Saio da sala com um peso no peito, pela primeira vez não me senti bem por estar certa. Gisele não conseguiria esconder a gravidez por mais tempo, sendo assim ela teria o mesmo destino que Amanda: a morte. Mais uma vez coloquei na minha cabeça que não era da minha conta, Ethan tinha razão.

Me apresentei cantando At Last da Etta James, dessa vez meu público estava atônito, todos esperando pela tão esperada apresentação sensual de Gisele.

— Sai daí, deixa a gostosa dançar! — Alguém gritou da plateia.

Continuei a cantar, eu só precisava finalizar aquela música.

— Quando você vai tirar a roupa, gata? — Gritaram outra vez tirando risadas dos outros.

Fiz o último agudo da música ouvindo as pessoas gesticulando sobre Gisele. Me senti enojada por só ouvir, imagino ela, deve se sentir um objeto.

Saí do palco sufocada, nunca conseguiria achar aquela situação normal. Dessa vez não vi sua apresentação, preferi ficar nos bastidores me recompondo e me esgueirando do Ethan, pois nosso beijo me deixou ainda mais tímida.

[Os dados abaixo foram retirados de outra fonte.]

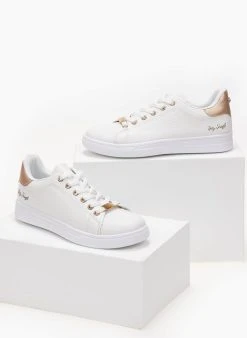 The Fashion Project Sneakers με μεταλλικές λεπτομέρειες - Χαλκός 11 The Fashion Project Sneakers με μεταλλικές λεπτομέρειες - Χαλκός -The Fashion Project κατάστημα sneakers kroko me metallikes leptomereies 101507 38f7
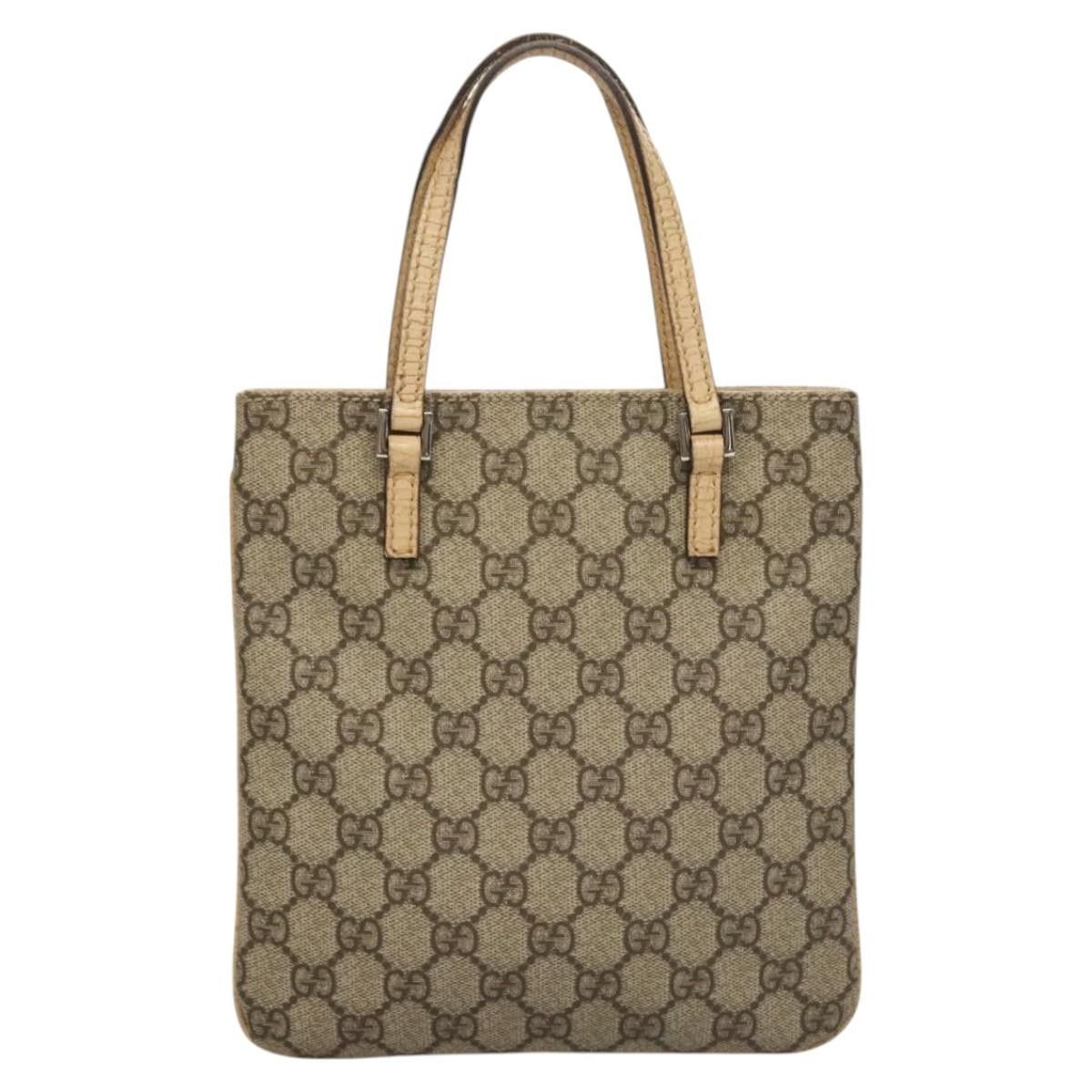Gucci Gucci Joy Plus Flat Tote GG Coated Canvas Size ONE SIZE - 2 Thumbnail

Fui para o quarto onde eu escondia meus míseros trocados, dentro de um buraco na parede repleto de notas amassadas de tudo que já ganhei por aqui. Quando escondia dentro do meu travesseiro, certa vez algumas notas sumiram, então tive que mantê-las em um local mais seguro.

Não sabia que haviam tantas, talvez fosse o suficiente para ajudar a Gisele.

Não. Pensei.

Larguei o dinheiro no chão. Não era da minha conta, esse dinheiro seria para minha fuga.

Passei as mãos no rosto com força.

Ethan me repreenderia, ele teria razão, mas ele também não é obrigado a dar seu corpo a homens estranhos todas as noites. Gisele não merecia, mas ela continuava sendo uma mulher desesperada, e se eu pudesse ajudar faria.

Escondi as notas dentro do meu vestido. Esperei longas horas no corredor, era nítido que ela teria muitos clientes hoje. Me sentei no chão com minhas pernas fracas, antes que eu fechasse meus olhos ela finalmente apareceu com um cigarro entre os dedos, cambaleando pelo corredor.

Levantei e tirei as notas amassadas, estendi para ela que franziu o cenho.

— Pegue. — Estendo novamente.

Ela ficou algum tempo tentando assimilar, balançando a cabeça, com os olhos vermelhos.

— Jade...

— Pegue. É tudo o que tenho. Faça o que precisar.

Gisele me surpreendeu com um abraço apertado, não correspondi de início, mas depois dei batidinhas na sua costa.

— Não sei como agradecê-la, trabalharei em dobro para pagá-la. — Falou emocionada.

Balanço a cabeça.

— Não precisa.

Tudo que eu menos queria era que ela se esforçasse mais.

Gisele me abraça mais uma vez, dessa vez eu correspondo.